## How to complete this task
Copy, pictures aside: the lines below from the one that holds "CASA EN INTERIOR QUINTA" through the final line of the listing, both ends included, exactly as they are and nothing else.

## Exercise data
-- Opening Marker --

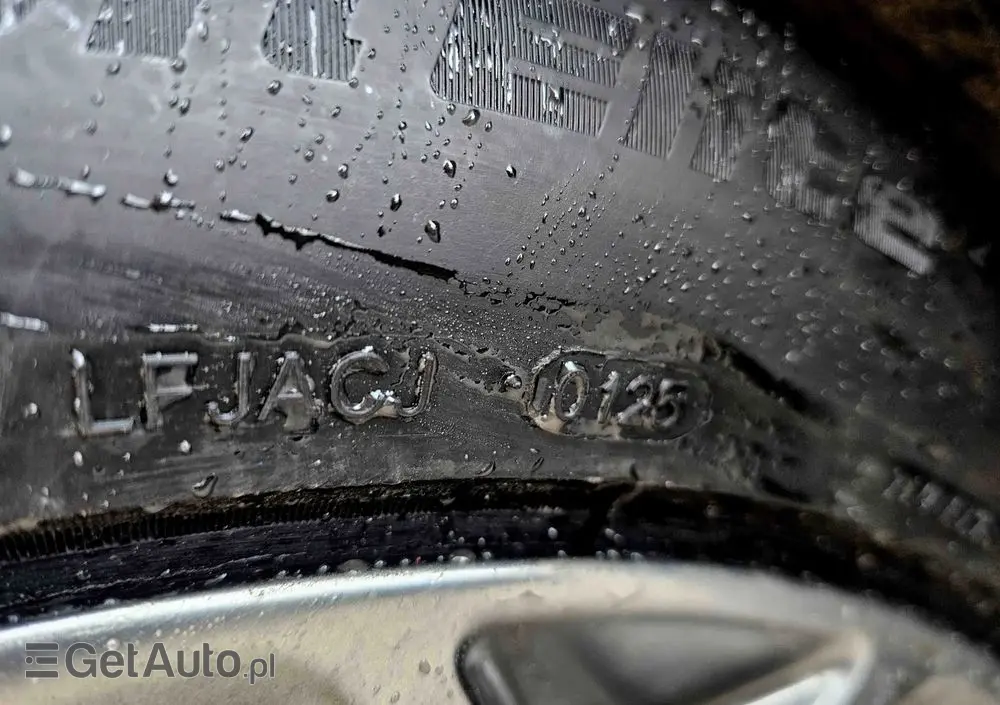 FIAT Freemont 2.0 Multijet 16V DPF Automatik Allrad Cross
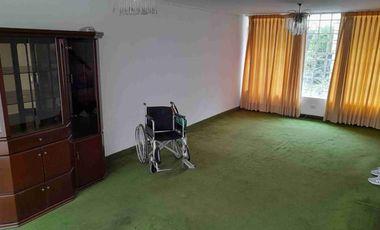 CASA EN INTERIOR QUINTA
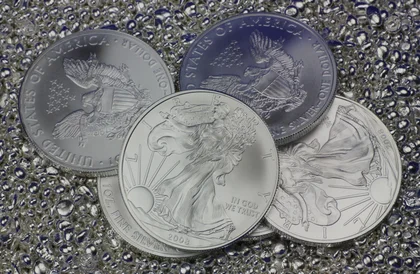 American Eagle Silbermünzen auf / aus Feinsilber
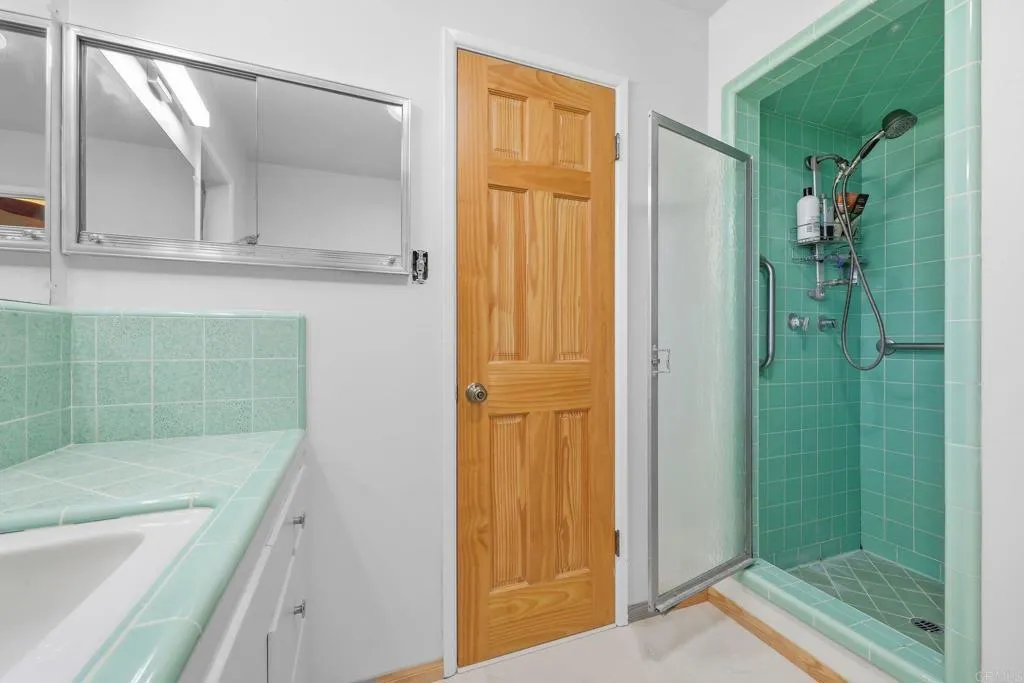 https://cdn.realtyfeed.com/cdn/127/306632583/63c33ab46579d8520523820c6da2dc15.webp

-- Closing Marker --

## Solution
 CASA EN INTERIOR QUINTA
 American Eagle Silbermünzen auf / aus Feinsilber
 https://cdn.realtyfeed.com/cdn/127/306632583/63c33ab46579d8520523820c6da2dc15.webp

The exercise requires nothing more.